## Dataset
======

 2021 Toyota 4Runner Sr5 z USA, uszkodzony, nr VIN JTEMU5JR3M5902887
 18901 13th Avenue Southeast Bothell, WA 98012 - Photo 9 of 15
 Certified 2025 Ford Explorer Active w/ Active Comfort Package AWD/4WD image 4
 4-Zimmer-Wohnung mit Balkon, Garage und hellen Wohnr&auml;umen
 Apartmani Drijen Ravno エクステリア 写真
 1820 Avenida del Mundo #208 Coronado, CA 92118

======

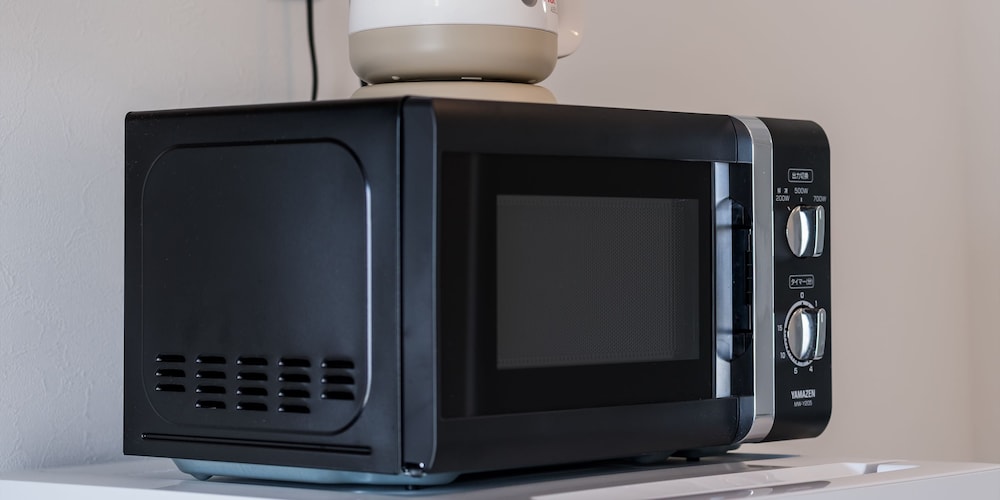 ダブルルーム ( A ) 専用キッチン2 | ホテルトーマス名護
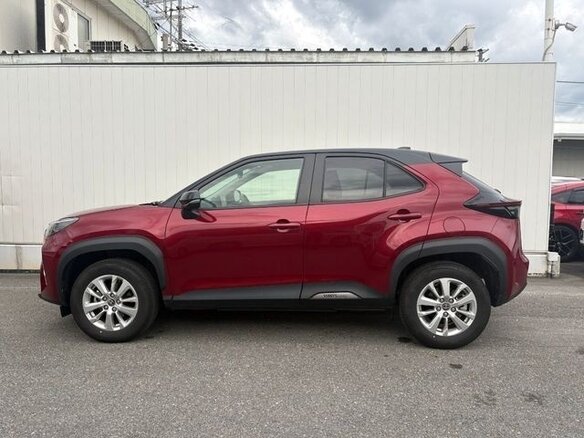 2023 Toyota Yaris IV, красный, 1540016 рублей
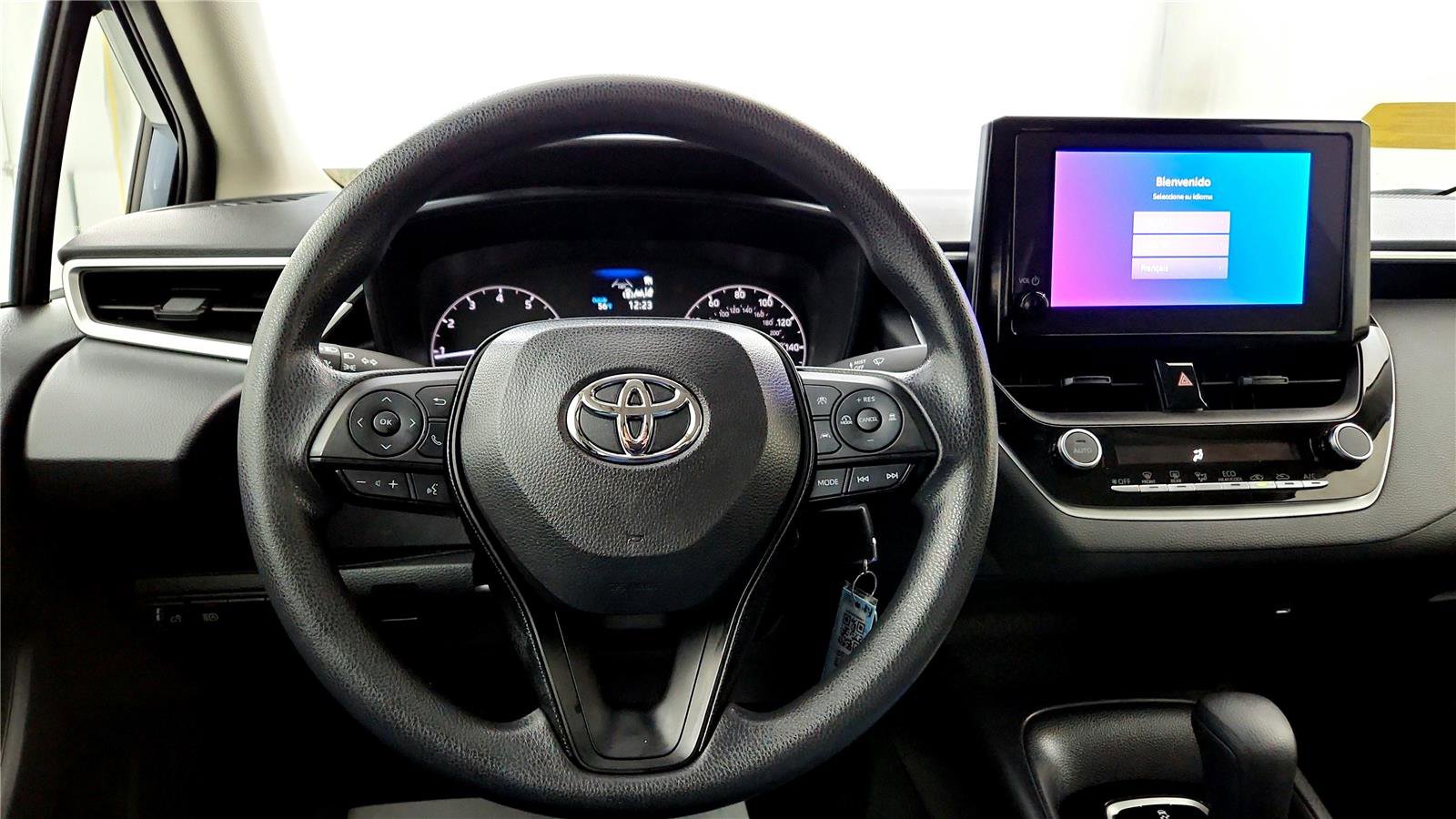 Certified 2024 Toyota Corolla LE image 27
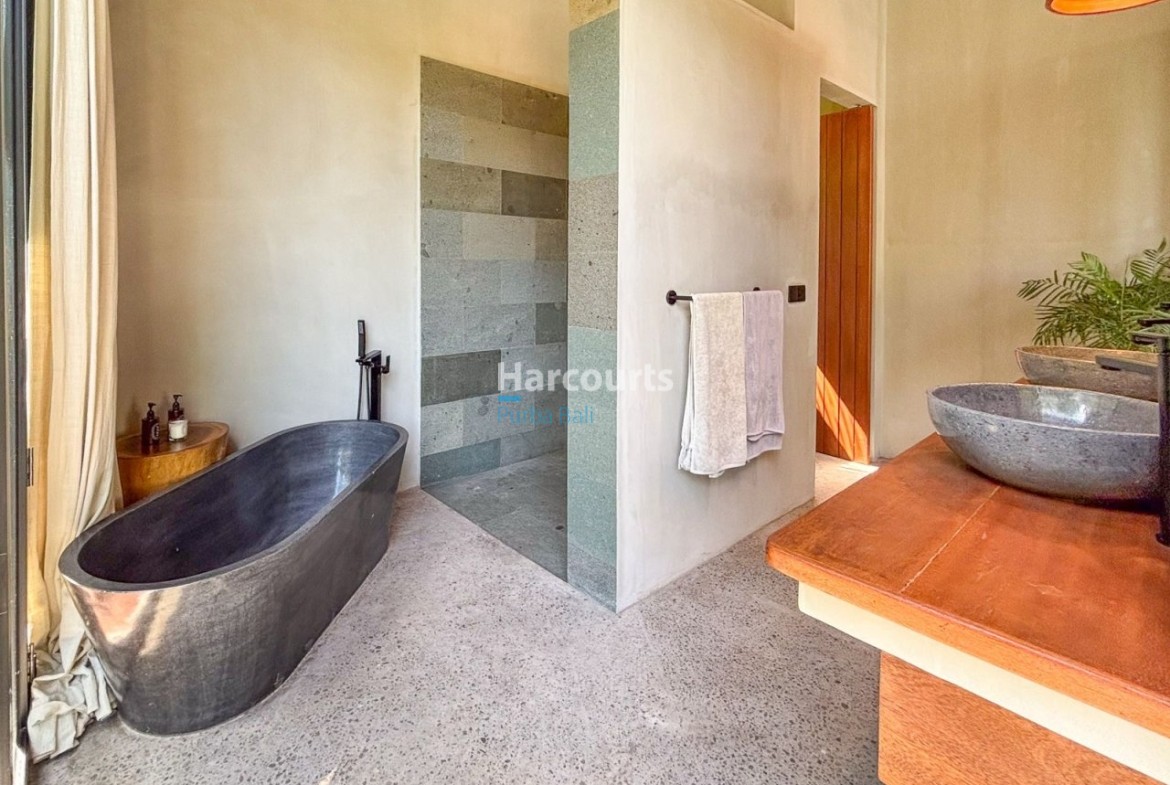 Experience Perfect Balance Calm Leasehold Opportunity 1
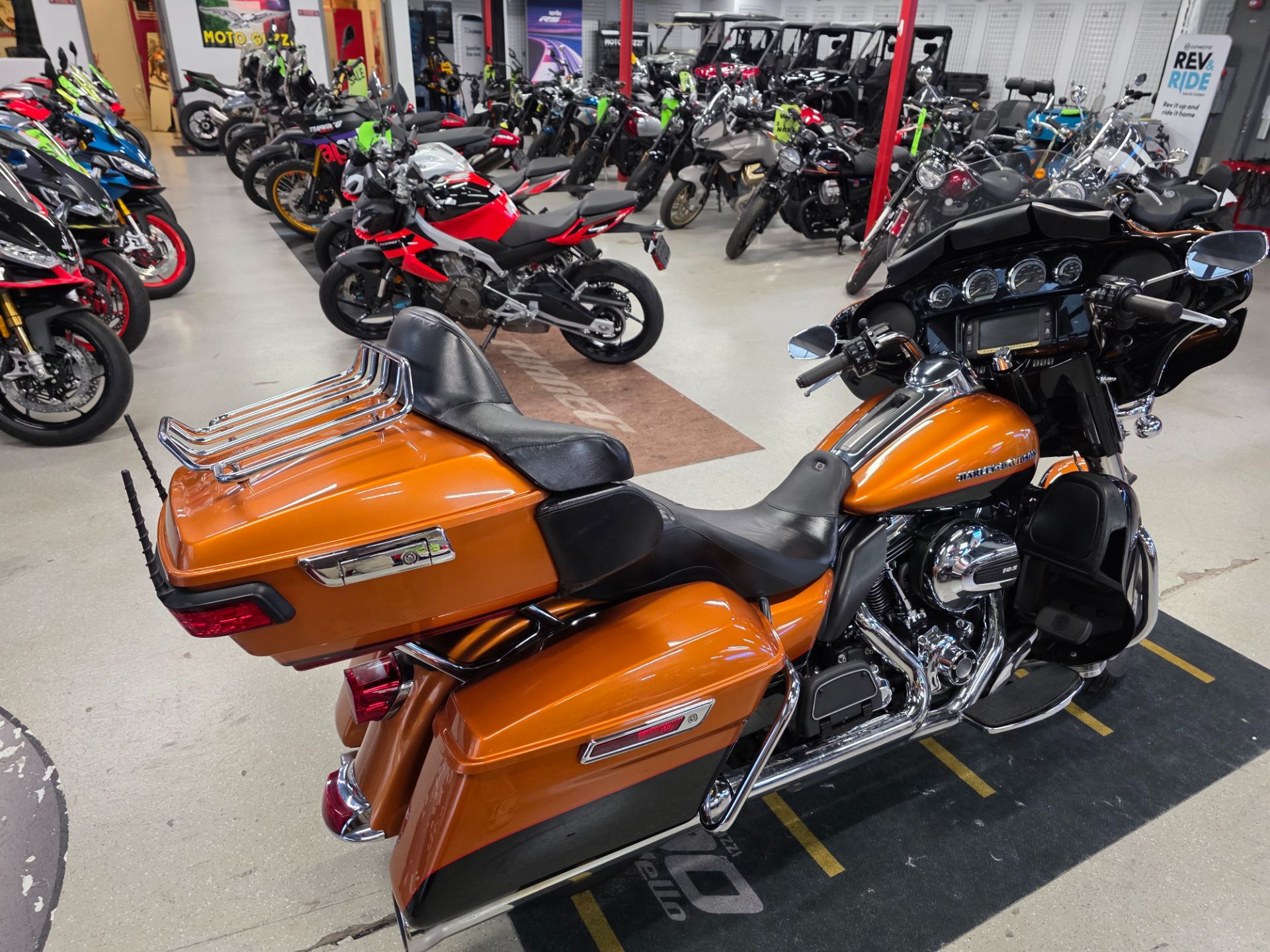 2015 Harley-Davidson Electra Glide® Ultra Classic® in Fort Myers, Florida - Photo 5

======

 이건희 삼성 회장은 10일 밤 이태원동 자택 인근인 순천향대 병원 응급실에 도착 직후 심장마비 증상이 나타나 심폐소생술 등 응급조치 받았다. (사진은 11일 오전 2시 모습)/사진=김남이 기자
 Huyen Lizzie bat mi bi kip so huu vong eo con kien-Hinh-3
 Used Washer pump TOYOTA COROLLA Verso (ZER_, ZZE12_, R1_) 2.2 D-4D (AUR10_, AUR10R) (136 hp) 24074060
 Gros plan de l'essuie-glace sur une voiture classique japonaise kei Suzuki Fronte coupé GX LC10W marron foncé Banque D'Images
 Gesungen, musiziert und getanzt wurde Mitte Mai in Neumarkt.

======

Look through the listing above for the line with "Certified 2024 Toyota Corolla LE image 27" and the line with "2015 Harley-Davidson Electra". Write out exactly those lines and everything between, leaving out pictures.

 Certified 2024 Toyota Corolla LE image 27
 Experience Perfect Balance Calm Leasehold Opportunity 1
 2015 Harley-Davidson Electra Glide® Ultra Classic® in Fort Myers, Florida - Photo 5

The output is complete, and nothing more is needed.